Il est difficile de savoir comment le gouvernement s’en serait sorti si la Russie n’avait pas envahi l’Ukraine, mais il est évident que le programme a rapidement déraillé. Perdants aux élections régionales ultérieures, les libéraux ont souligné leur critique de l’interventionnisme du gouvernement et leur croyance en l’austérité, creusant un fossé toujours plus large et profond au sein de la coalition. Ils ciblaient en particulier les politiques environnementales menées par les ministères dirigés par les écologistes. Ce faisant, ils ont également alimenté des sentiments anti-écologistes également exploités par l’extrême droite. Aux élections européennes, les partis de gouvernement ont lourdement perdu, notamment les écologistes et les sociaux-démocrates.

Il convient d’ajouter un mot sur la formation d’un nouveau parti, le Bündnis Sahra Wagenknecht (BSW), qui s’est présenté pour la première fois à ces élections et a immédiatement obtenu 6,2% des voix. Techniquement une scission de Die Linke, dont Sahra Wagenknecht fut pendant longtemps une députée charismatique au Parlement fédéral, BSW combine engagements sociaux, politiques anti-immigration et haine des écologistes. Ainsi, il n’est pas facilement classable entre gauche et droite et séduit à la fois les électeurs de l’AfD et de Die Linke. Selon les sondages d’opinion, il obtiendrait jusqu’à 15% des voix lors des prochaines élections régionales dans l’Est de l’Allemagne. Après ces élections, il pourrait s’agir d’un partenaire de coalition de la CDU ou de l’AfD dans l’un ou plusieurs des Länder d’Allemagne de l’Est.

Cette expérience allemande récente montre la difficulté, à notre époque, de rassembler une majorité politique favorable à une approche conjointe des questions démocratiques, sociales et écologiques, dont je soulignais la nécessité dans une contribution précédentehttps://lestempsquirestent.org/fr/numeros/numero-1/egalite-environnement-democratie-le-nouveau-front-populaire-entre-deux-siecles. On ne doit certes pas surestimer la détermination initiale du gouvernement à aller dans ce sens, mais l’intention de le faire était présente, ainsi que le sentiment d’une certaine urgence.
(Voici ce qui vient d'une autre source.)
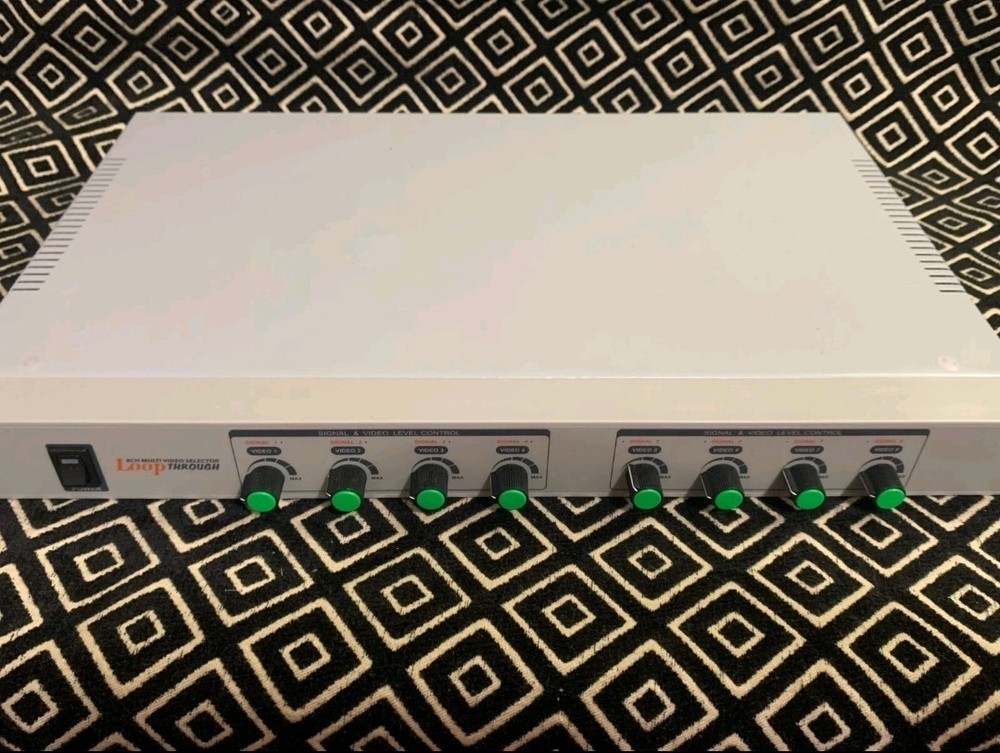 Eyemax 8CH Multi Video Selector Loop Through - 100% Working (Tested)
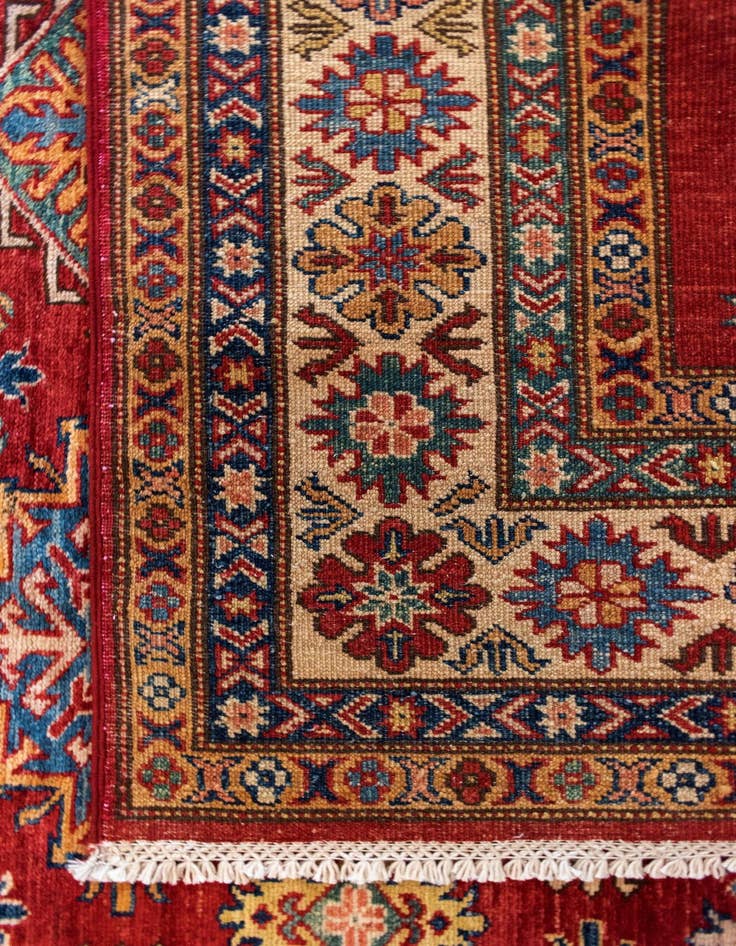 Detail image of 5' 9 x 7' 7 Kazak Wool Rug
Cependant, il s’est non seulement avéré rapidement impossible de poursuivre le programme annoncé, mais le seul fait de tenter de le faire a créé des réactions négatives au sein de la société allemande, exploitées par ceux qui ne s’intéressent ni à la démocratie, ni à l’écologie, et qui visent à réserver les politiques sociales à ceux qui sont considérés comme les seuls vrais citoyens de la nation. Quel que soit le gouvernement qui pourra être formé à l’issue des élections législatives françaises, précipitées par Emmanuel Macron, la leçon allemande devrait être méditée par tout personne qui, au sein de la société civile ou des appareils politiques, cherche une issue à l’impasse dans laquelle les démocraties occidentales se sont enfermées en ne faisant pas face aux problèmes qui sont les siens, et qui étaient selon moi déjà manifestes dès les années 1970. Une chose est claire : dresser les intérêts démocratiques, sociaux et écologiques, les uns contre les autres présente le risque de favoriser la montée de l’extrême droite – et ce résultat ne sera probablement au service d’aucun d’entre eux.